Da in der öffentlichen Debatte Digitalisierung und digitale Transformation häufig gleichgesetzt werden, kommt es dazu , dass Deutschland zwar viel Geld für Digitalisierung ausgegeben hat, um Formate zu ändern. Der Gegenstand dagegen bleibt der gleiche, so dass die zugrundeliegenden Probleme ebenfalls weiter bestehen.
Typische Denkfehler
Friesike und Sprondel gehen in Form von Mini-Essays auf gängige Denkfehler in Projekten der digitalen Transformation ein. Diese Fehleinschätzungen führen dazu, dass die Ergebnisse solcher Projekte weit hinter den Erwartungen zurückbleiben. Gleichzeitig geben die beiden Hinweise, wie es gelingen kann, mit diesen Denkmustern kritsch umzugehen.

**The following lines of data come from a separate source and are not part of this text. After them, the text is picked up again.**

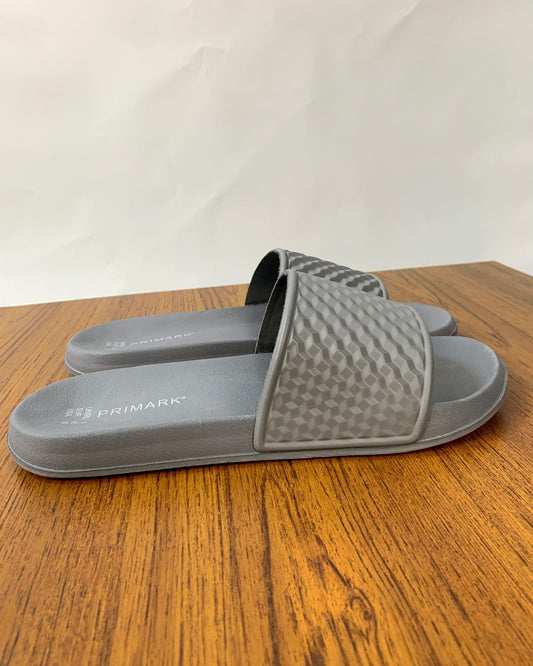 Primark sliders in grey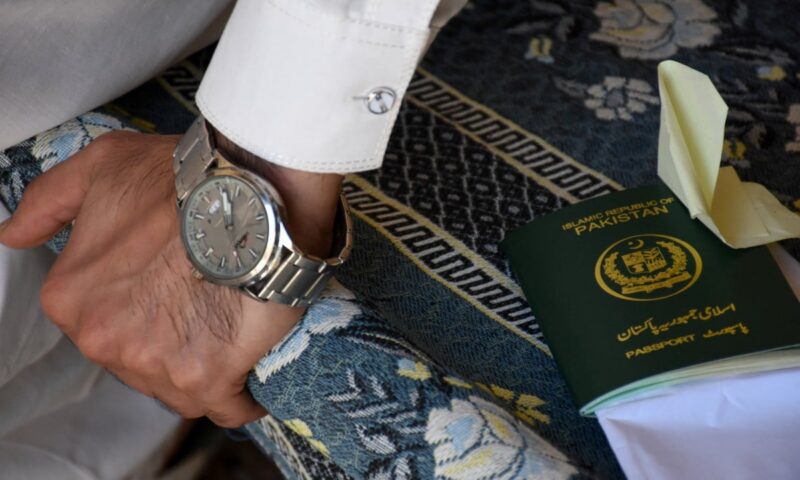 UAE deports Pakistani Shiites: jobs lost and savings frozen amid Iran war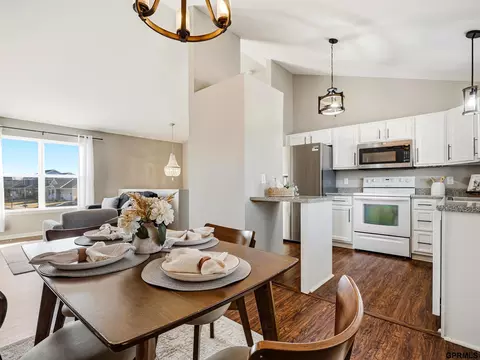 15404 Reynolds St, Bennington, NE 68007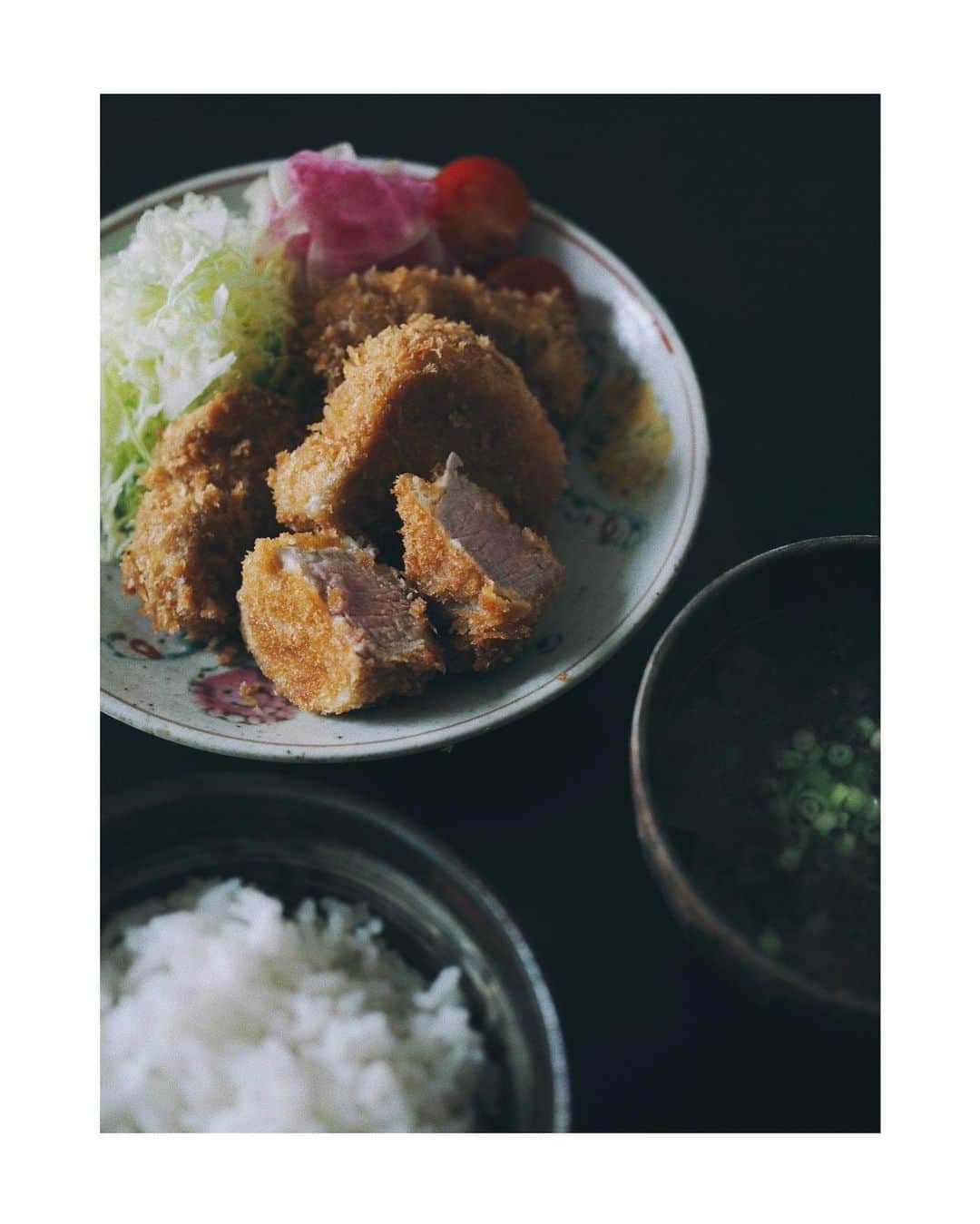のインスタグラム：「お昼です🔪🌿  坊からのリクエスト、 とんかつ。  母さん先に頂くね。 夜また揚げたる🤚🏻  とんかつは、 ヒレ派です🥺🤚🏻  完璧に揚がって、 ご飯もち🍚🍚🥢  一杯でとか無理です😑🤚🏻🍚  @hatakeya0313 のキャベツ、 甘い😑❤️🔥🔥🔥 幸せなお昼でした。  ご馳走さまでした🙏🏻  #作るなら丁寧に」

Dies ist die Liste der Denkfehler, die sie ausmachen:
- «Am Anfang steht eine Vision»
- «Technologie ist die Lösung»
- «Beschleunigung durch Komplexitätsreduktion»
- «Neu ist besser als gut»
- «Neues entsteht durch Vernetzung»
- «Transparenz führt zu Sichtbarkeit»
- «Wir müssen von Start-ups lernen»
- «Von überall droht Disruption»
- «Wir brauchen eine neue Fehlerkultur»
Diskussion
Haben Euch diese Essay-Überschriften schon überzeugt? Dann lest das Buch und diskutiert mit uns über folgende Fragen: Was können wir aus diesen Kurzanalysen lernen? Wie können wir die digitalen Transformationsprojekte in unserem Umfeld so gestalten, dass die Ergebnisse die Bedürfnisse der Beteiligten tatsächlich erfüllen?
Buchtitel und Werdegang von Autor und Autorin könnten nach schwerer akademischer Kost klingen, kommen aber auf 87 Seiten leichtfüssig daher. Auch am Preis sollte die Lektüre nicht scheitern. Das Buch ist in Deutschland für 6 Euro im Buchhandel erhältlich. Es ist Teil der Reihe «Was bedeutet das alles?»
Wir danken dem Reclam-Verlag, dass er uns kostenlose Rezensionsexemplare zur Verfügung gestellt hat.